15 kwietnia śledczy znów przesłuchają Drzewieckiego

15 kwietnia śledczy znów przesłuchają Drzewieckiego

Dodano:   /  Zmieniono: 
Mirosław Drzewiecki (fot. A. Jagielak /Wprost) 
Były minister sportu Mirosław Drzewiecki będzie ponownie przesłuchany 15 kwietnia - postanowiło prezydium hazardowej komisji śledczej. Drzewiecki już zapowiedział, że stawi się przed komisją. - Mówiłem to wcześniej. Jeśli komisja ma taką wolę, to zrobię to zgodnie z obowiązkiem, jaki spoczywa na mnie i mam nadzieję, że będzie to krótkie przesłuchanie i pomoże komisji w rozwikłaniu sprawy - powiedział były minister sportu.
Przewodniczący komisji Mirosław Sekuła z PO i jego zastępca Bartosz Arłukowicz z Lewicy nie byli jednak zgodni co do terminu ponownego wezwania byłego ministra sportu. Arłukowicz chciał bowiem, by przesłuchanie Drzewieckiego odbyło się dopiero 22 kwietnia. Jak argumentował, posłowie potrzebują więcej czasu na zapoznanie się z nowymi materiałami, które spływają do komisji z prokuratury. - Te materiały będą pomocne przy kolejnym przesłuchaniu i dobrze by było, żebyśmy poczekali na kolejne materiały, które prokuratorzy obiecali. Do 15 kwietnia czasu niewiele - zaznaczył poseł Lewicy. Sekuła wyraził przekonanie, że Arłukowicz na pewno zdąży się gruntownie zapoznać z nowymi dokumentami i 15 kwietnia będzie przygotowany do przesłuchania.

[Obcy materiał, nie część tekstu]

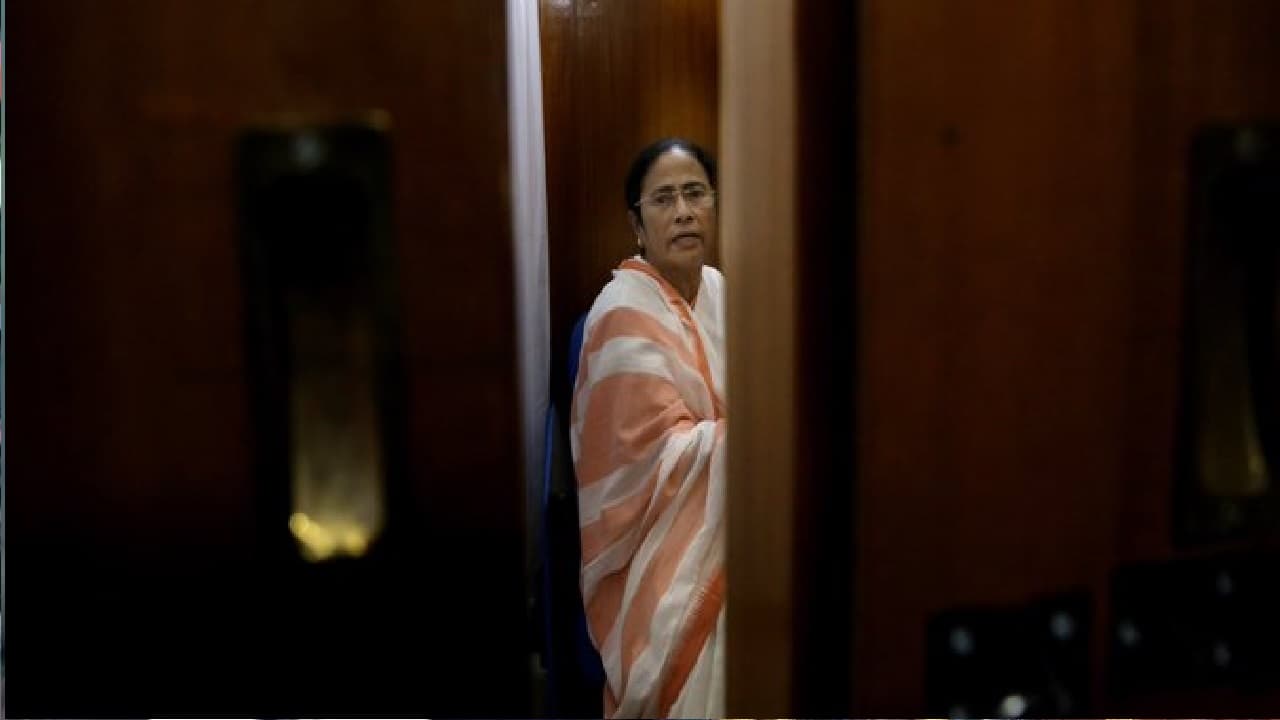 छोटी कारों के मालिकों पर ‘दीदी’ ने बरसाई ‘ममता’, दे दीं लाइफटाइम रिलिफ छोटी कारों के मालिकों पर ‘दीदी’ ने बरसाई ‘ममता’, दे दीं लाइफटाइम रिलिफ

Drzewiecki zeznawał już przed komisją 28 stycznia. Twierdził wówczas, że nie spotykał się z biznesmenem branży hazardowej Ryszardem Sobiesiakiem już po wybuchu afery. Polityk mówił, że po raz ostatni widział biznesmena 22 września 2009 r. w Warszawie, w hotelu Radisson. Tymczasem Sobiesiak opowiadał sejmowym śledczym, że spotkał się z politykiem PO przypadkowo w listopadzie lub grudniu 2009 roku na Florydzie, gdzie obaj mają rezydencje. - Siedzę na ławce, czytam gazetę, moja córka buszuje po jakimś shoppingu i... podjeżdża pan Drzewiecki, widzę jak wysadza żonę i jedzie dalej. I nie widzi nawet mnie. I pani Nina idzie, więc witam się z nią. Nikt w to nie uwierzyłby i mieliśmy się chować, bo ja nawet się zastanawiam, czy my widzieliśmy się, czy nie. No, i przez panią Ninę się umówiłem. Miał tam przyjechać za dwie godziny czy za kiedyś; żeśmy się raz tam widzieli - relacjonował biznesmen.

Arłukowicz zwrócił też uwagę, że prokuratorzy mówili śledczym na wtorkowym spotkaniu z komisją, że teraz przekażą tylko pierwszą niewielką część materiałów, którymi dysponują i warto przed podjęciem ostatecznej decyzji poczekać na resztę dokumentów. Poseł nie wykluczył w związku z tym, że pojawi się kolejny wniosek o przedłużenie prac komisji śledczej. Zaznaczył jednak, że trzeba skończyć przesłuchania świadków, które już zostały zaplanowane i zapoznać się ze wszystkimi materiałami, które są w posiadaniu komisji. - Wtedy będą jakieś decyzje, ale niezbyt szybko i niezbyt pochopnie - dodał. Pierwotnie hazardowa komisja śledcza miał zakończyć swoje prace do końca lutego. Na początku roku posłowie wydłużyli jednak jej prace do końca kwietnia.